Alcmeone a Psofide (Ἀλκμαίων ὁ διὰ Ψωφῖδος) è una tragedia frammentaria di Euripide, composta nel 438 a.C. e facente parte di una tetralogia comprendente anche Le cretesi, Alcesti (unica tragedia oggi rimasta) e Telefo.
Trama
Il matricida Alcmeone, inseguito dalle Erinni, è impazzito: sembra, tra l'altro, che Euripide ne rappresentasse la follia in una scena molto nota, in cui l'eroe snudava la spada, urlando[1].

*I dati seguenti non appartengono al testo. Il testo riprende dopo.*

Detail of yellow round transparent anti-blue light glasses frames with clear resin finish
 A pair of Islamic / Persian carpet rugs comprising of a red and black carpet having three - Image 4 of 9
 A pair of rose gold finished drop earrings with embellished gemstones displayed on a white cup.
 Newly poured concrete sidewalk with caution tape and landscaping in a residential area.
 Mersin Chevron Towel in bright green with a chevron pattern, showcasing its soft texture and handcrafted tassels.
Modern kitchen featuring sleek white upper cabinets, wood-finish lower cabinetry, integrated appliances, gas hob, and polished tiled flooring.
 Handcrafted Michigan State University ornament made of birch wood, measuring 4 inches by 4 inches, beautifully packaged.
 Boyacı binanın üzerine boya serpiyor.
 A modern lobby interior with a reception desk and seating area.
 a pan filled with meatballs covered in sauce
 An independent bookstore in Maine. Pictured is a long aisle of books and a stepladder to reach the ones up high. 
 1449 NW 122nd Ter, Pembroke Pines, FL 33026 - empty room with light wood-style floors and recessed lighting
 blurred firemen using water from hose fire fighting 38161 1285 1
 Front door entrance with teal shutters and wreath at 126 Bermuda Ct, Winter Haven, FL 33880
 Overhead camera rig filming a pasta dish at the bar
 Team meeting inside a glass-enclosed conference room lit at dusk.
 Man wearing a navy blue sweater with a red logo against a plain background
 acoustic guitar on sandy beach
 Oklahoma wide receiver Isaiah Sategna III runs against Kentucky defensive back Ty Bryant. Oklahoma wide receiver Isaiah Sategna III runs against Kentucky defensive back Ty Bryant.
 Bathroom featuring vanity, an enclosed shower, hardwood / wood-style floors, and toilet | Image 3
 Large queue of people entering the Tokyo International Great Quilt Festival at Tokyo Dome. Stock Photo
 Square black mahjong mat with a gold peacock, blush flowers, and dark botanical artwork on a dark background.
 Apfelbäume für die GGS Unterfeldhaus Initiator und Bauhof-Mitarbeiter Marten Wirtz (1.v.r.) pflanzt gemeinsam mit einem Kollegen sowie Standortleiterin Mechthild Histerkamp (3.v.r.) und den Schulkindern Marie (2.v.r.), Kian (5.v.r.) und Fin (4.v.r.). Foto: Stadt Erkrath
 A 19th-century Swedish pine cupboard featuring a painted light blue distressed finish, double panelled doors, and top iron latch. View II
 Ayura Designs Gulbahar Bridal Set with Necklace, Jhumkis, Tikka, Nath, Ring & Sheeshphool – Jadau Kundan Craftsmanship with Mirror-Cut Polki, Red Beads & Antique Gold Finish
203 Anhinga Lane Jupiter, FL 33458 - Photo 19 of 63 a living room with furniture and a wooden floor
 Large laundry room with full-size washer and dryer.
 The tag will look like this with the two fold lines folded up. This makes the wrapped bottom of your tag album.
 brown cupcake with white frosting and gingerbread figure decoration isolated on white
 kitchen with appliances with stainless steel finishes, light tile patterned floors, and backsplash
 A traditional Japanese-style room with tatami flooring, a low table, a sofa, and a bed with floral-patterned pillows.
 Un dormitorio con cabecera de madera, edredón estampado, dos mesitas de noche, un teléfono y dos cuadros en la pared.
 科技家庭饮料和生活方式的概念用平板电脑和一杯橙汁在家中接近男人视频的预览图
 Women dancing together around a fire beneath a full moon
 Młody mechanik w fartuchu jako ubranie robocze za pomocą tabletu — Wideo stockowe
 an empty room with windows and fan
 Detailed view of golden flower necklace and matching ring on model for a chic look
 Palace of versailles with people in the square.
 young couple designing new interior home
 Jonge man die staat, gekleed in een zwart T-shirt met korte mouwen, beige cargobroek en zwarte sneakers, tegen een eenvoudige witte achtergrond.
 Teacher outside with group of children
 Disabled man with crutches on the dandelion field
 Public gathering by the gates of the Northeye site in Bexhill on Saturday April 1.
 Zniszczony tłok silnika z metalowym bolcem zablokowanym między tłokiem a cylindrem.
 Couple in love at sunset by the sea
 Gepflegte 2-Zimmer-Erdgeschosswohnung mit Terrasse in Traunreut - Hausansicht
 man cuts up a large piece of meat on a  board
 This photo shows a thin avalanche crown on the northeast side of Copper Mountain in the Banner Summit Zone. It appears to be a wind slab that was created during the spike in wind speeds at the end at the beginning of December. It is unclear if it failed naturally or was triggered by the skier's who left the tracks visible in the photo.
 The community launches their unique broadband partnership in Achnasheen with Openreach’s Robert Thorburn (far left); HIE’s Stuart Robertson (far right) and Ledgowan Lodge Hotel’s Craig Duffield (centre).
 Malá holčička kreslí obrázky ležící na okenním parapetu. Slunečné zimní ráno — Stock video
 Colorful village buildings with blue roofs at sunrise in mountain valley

Disperato, si rifugia in Psofide, presso Fegeo che lo purifica e gli dà in sposa la figlia Arsinoe (o Alfesibea). Ma, colpita la regione da sterilità, l'oracolo ordina una nuova purificazione di Alcmeone presso il dio fluviale Acheloo. Purificato da Acheloo, Alcmeone prende in matrimonio la figlia di lui, Calliroe.
Scoperto il tradimento, i fratelli di Arsinoe gli tendono un'insidia e lo uccidono.[2]
Note
- ^ Taziano, Discorso ai Greci, 24, 1.
- ^ G. Avezzù, Il mito sulla scena, Venezia, 2003, p. 141.